Of course this was a complete bastardisation and oversimplification of the actual concepts of Wu Xing and Feng Shui but the game wasn't really meant to be historical or accurate, just dumb Eastern style fun.

Please tell me that getting shitfaced also made you a master of martial arts

It definitely would have done but sadly the game petered out before I got a chance to introduce any drunken kung fu masters.

That's a shame, I'd certainly loved to have heard stories of PC's getting drunk as all balls and taking out entire armies while butt naked and singing folk songs loudly and out of tune.

Also, not a factor in these archaic models but, plants are made out of air.

Thank you anons. I guess I'll connect Air with some vis vitalis and have life/nature/plants by proxy.

I prefer only four base elements of stone, air, water, fire.

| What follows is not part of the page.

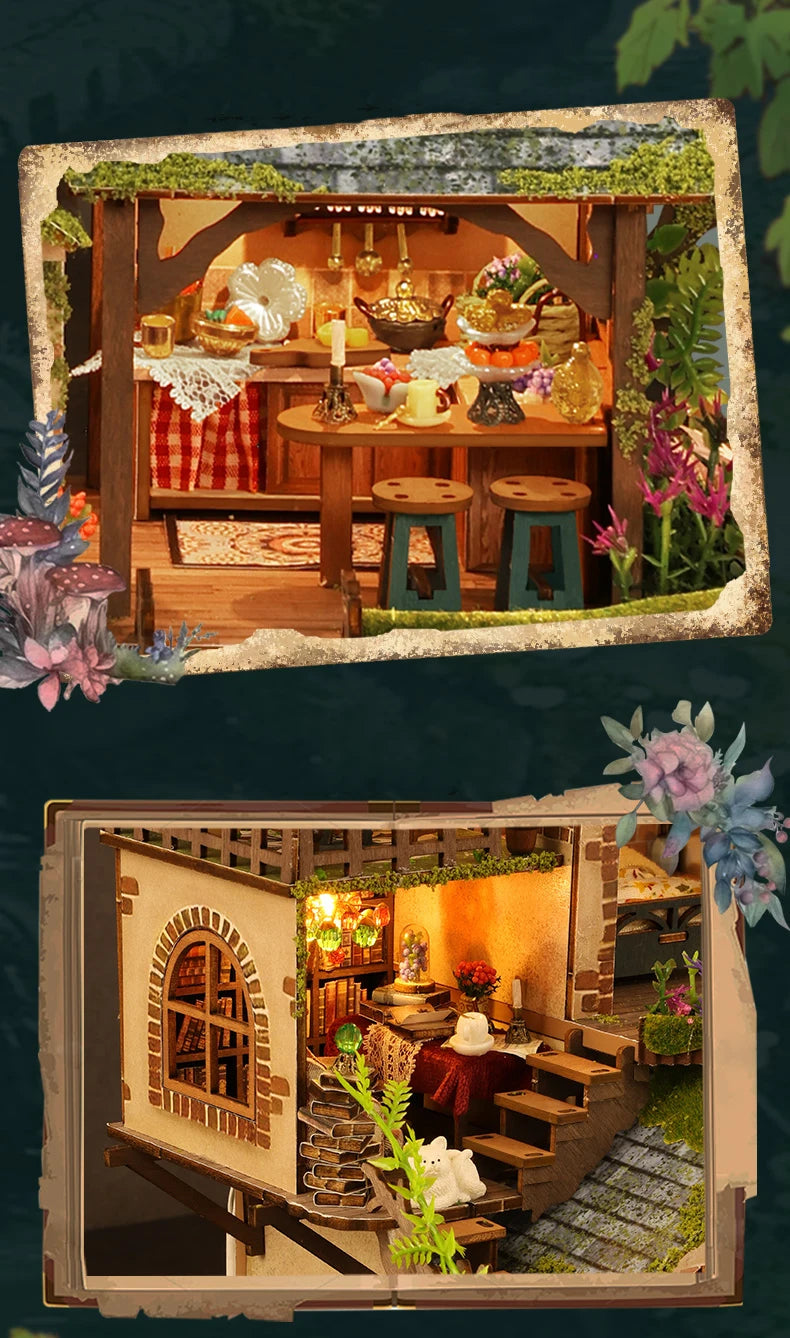 DIY Holzpuppenhaus-Set – Retro-Stil – Wohnaccessoire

Then lava from fire/stone, earth from water/stone, sand from air/stone, lighting from fire/air, acid from fire/water, and ice from air/water.

After that it's wood from stone/water/air, metal from stone/fire/water, crystal from stone/fire/air, and plasma/energy from fire/water/air.

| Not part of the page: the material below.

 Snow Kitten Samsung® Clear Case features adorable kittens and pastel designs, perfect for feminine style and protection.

I usually think of it as eight elements:

Metal -- Fire -- Light
Earth ------------- Air
Dust - Water - Wood

With Wood being essentially life energy; Dust anything in-between solids and liquids: snow, ashes, sand, etc... and Light covering lightning and shadow.

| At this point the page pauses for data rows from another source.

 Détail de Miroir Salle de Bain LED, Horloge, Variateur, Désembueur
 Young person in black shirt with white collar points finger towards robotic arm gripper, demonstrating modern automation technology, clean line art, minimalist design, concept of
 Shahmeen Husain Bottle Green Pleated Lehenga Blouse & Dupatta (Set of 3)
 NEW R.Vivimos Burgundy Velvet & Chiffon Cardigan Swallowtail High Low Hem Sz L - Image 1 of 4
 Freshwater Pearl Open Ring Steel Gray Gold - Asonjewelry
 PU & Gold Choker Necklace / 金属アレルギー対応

Getting shitfaced also part of martial arts, it's called Drunken Style-fists

Naruto's magic system is the only good part of it.

Why Void element is kinda rare?

Winds/Air is covered by Wood actually.

Dry as opposed to the wet mist on the other side. OK, that I can understand.

And I never really followed Naruto, but I'm open minded : I'm always happy to discover a new elemental system. As uninspired as they may be, I love to see how their logic connects to the worldbuilding.

I think my favourite is probably the Mage the Awakening with the Spheres and the Entropy/Balance/Order trinity. Awesome stuff, really.

Because Nature abhors it. Obviously.

It was interesting to see it used in L5R, though.
And even more interesting to discover that this was used because of Miyamoto Musashi's book where he himself didn't use the traditional WuXing cycle, but instead the fire / water / earth / air / void ensemble

Man Naruto got convoluted with its elements

Shouldn't Life and Death be at opposites?

>not using Spheres

Damned Disparates.

Reserved for Western/Occidental Occult though

I don't see any Lightning/Thunder element in either Wu Xing or Godai. So why put in there?

Yes, that was what I was referring to. Congratulations on pointing out the fucking obvious.

It's almost like people don't actually read the thread before replying!